Using Apache Arrow

Introduction

Apache Arrow is a cross-language development platform for in-memory data. Arrow is supported starting with sparklyr 1.0.0 to improve performance when transferring data between Spark and R. You can find some performance benchmarks under:

Installation

Using Arrow from R requires installing:

  • The Arrow Runtime: Provides a cross-language runtime library.
  • The Arrow R Package: Provides support for using Arrow from R through an R package.

Runtime

OS X

Installing from OS X requires Homebrew and executing from a terminal:

brew install apache-arrow

Windows

Currently, installing Arrow in Windows requires Conda and executing from a terminal:

conda install arrow-cpp=0.12.* -c conda-forge
conda install pyarrow=0.12.* -c conda-forge

Linux

Please reference arrow.apache.org/install when installing Arrow for Linux.

Package

As of this writing, the arrow R package is not yet available in CRAN; however, this package can be installed using the remotes package. First, install remotes:

install.packages("remotes")

Then install the R package from github as follows:

remotes::install_github("apache/arrow", subdir = "r", ref = "apache-arrow-0.12.0")

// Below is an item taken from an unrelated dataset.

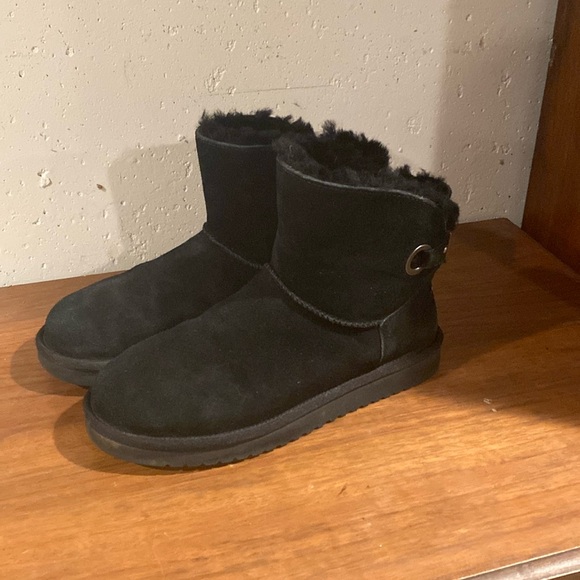 Koolaburra Shoes - Koolaburra by UGG Women's Remley Mini Boots - Black 9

If you happen to have Arrow 0.11 installed, you will have to install

remotes::install_github("apache/arrow", subdir = "r", ref = "dc5df8f")

Use Cases

There are three main use cases for arrow in sparklyr:

  • Data Copying: When copying data with copy_to(), Arrow will be used.
  • Data Collection: Also, when collecting either, implicitly by printing datasets or explicitly calling collect.
  • R Transformations: When using spark_apply(), data will be transferred using Arrow when possible.

To use arrow in sparklyr one simply needs to import this library:

library(arrow)
Attaching package: ‘arrow’

The following object is masked from ‘package:utils’:

    timestamp

The following objects are masked from ‘package:base’:

    array, table

Considerations

Types

Some data types are mapped to slightly different, one can argue more correct, types when using Arrow. For instance, consider collecting 64 bit integers in sparklyr:

library(sparklyr)

sc <- spark_connect(master = "local")
integer64 <- sdf_len(sc, 2, type = "integer64")
integer64
# Source: spark<?> [?? x 1]
     id
  <dbl>
1     1
2     2

Notice that sparklyr collects 64 bit integers as double; however, using arrow:

library(arrow)
integer64
# Source: spark<?> [?? x 1]
  id             
  <S3: integer64>
1 1              
2 2 

64 bit integers are now being collected as proper 64 bit integer using the bit64 package.

Fallback

The Arrow R package supports many data types; however, in cases where a type is unsupported, sparklyr will fallback to not using arrow and print a warning.

library(sparklyr.nested)
library(sparklyr)
library(dplyr)
library(arrow)

sc <- spark_connect(master = "local")
cars <- copy_to(sc, mtcars)

sdf_nest(cars, hp) %>%
  group_by(cyl) %>%
  summarize(data = collect_list(data))
# Source: spark<?> [?? x 2]
    cyl data       
  <dbl> <list>     
1     6 <list [7]> 
2     4 <list [11]>
3     8 <list [14]>
Warning message:
In arrow_enabled_object.spark_jobj(sdf) :
  Arrow disabled due to columns: data